Mr. Klemp added, "The spirit of collaboration surrounding the Miracle trial is, frankly, inspiring. From investigating clinicians to regulatory authorities around the world, people are starting to realize the potential significance of approving the first-ever non-cardiotoxic anthracycline. Annamycin’s approval in AML alone would bring the potential to save thousands of lives every year, and the opportunity to eliminate the threat of cardiotoxicity in a wide range of tumors equates to as much as 20 times that in long term potential. It’s critical to remember that nearly half of all cancers are treated with an anthracycline and 60% of all childhood cancers. One of the things that drives us every day is our belief that no child should ever have to be subjected to a cardiotoxic anthracycline once Annamycin is approved."
The MIRACLE study, subject to appropriate future filings with and potential additional feedback from the FDA and their foreign equivalents, utilizes an adaptive design whereby the first 75 to 90 subjects will be randomized (1:1:1) in Part A of the trial to receive high dose cytarabine (HiDAC) combined with either placebo, 190 mg/m2 of Annamycin, or 230 mg/m2 of Annamycin, which Annamycin doses were specifically recommended by the FDA in the Company’s end of Phase 1B/2 meeting. The amended protocol allows for the unblinding of preliminary primary efficacy data (Complete Remission or CR) and safety/tolerability of the three arms at 45 subjects, in addition to the conclusion of Part A (at 75 to 90 subjects). This early unblinding will yield 30 subjects with Annamycin (190mg/m2 and 230/m2) and HiDAC and 15 subjects with just HiDAC. The Company expects to reach the first unblinding (45 subjects) in the second half of 2025, in addition to the second unblinding, which is expected in the first half of 2026. This accelerated estimated timeline is due to the positive response the Company received in meetings during December with potential investigators regarding recruitment for the trial.

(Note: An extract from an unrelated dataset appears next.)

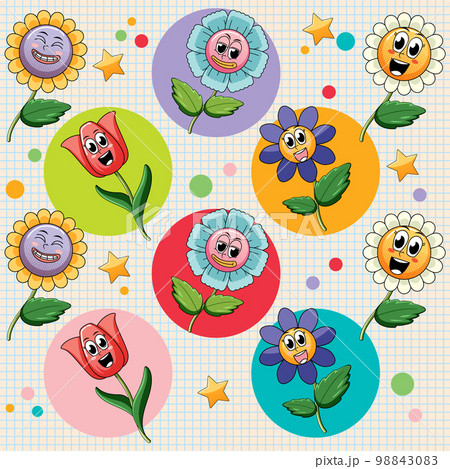 Seamless background with colorful flowers 98843083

For Part B of the trial, approximately 220 additional subjects will be randomized to receive either HiDAC plus placebo or HiDAC plus the optimum dose of Annamycin (randomized 1:1). The selection of the optimum dose will be based on the overall balance of safety, pharmacokinetics and efficacy, consistent with the FDA’s new Project Optimus initiative.
For more information about the MIRACLE trial, visit clinicaltrials.gov and reference identifier NCT06788756.
Annamycin currently has Fast Track Status and Orphan Drug Designation from the FDA for the treatment of relapsed or refractory acute myeloid leukemia, in addition to Orphan Drug Designation for the treatment of soft tissue sarcoma. Furthermore, Annamycin has Orphan Drug Designation for the treatment of relapsed or refractory acute myeloid leukemia from the European Medicines Agency (EMA).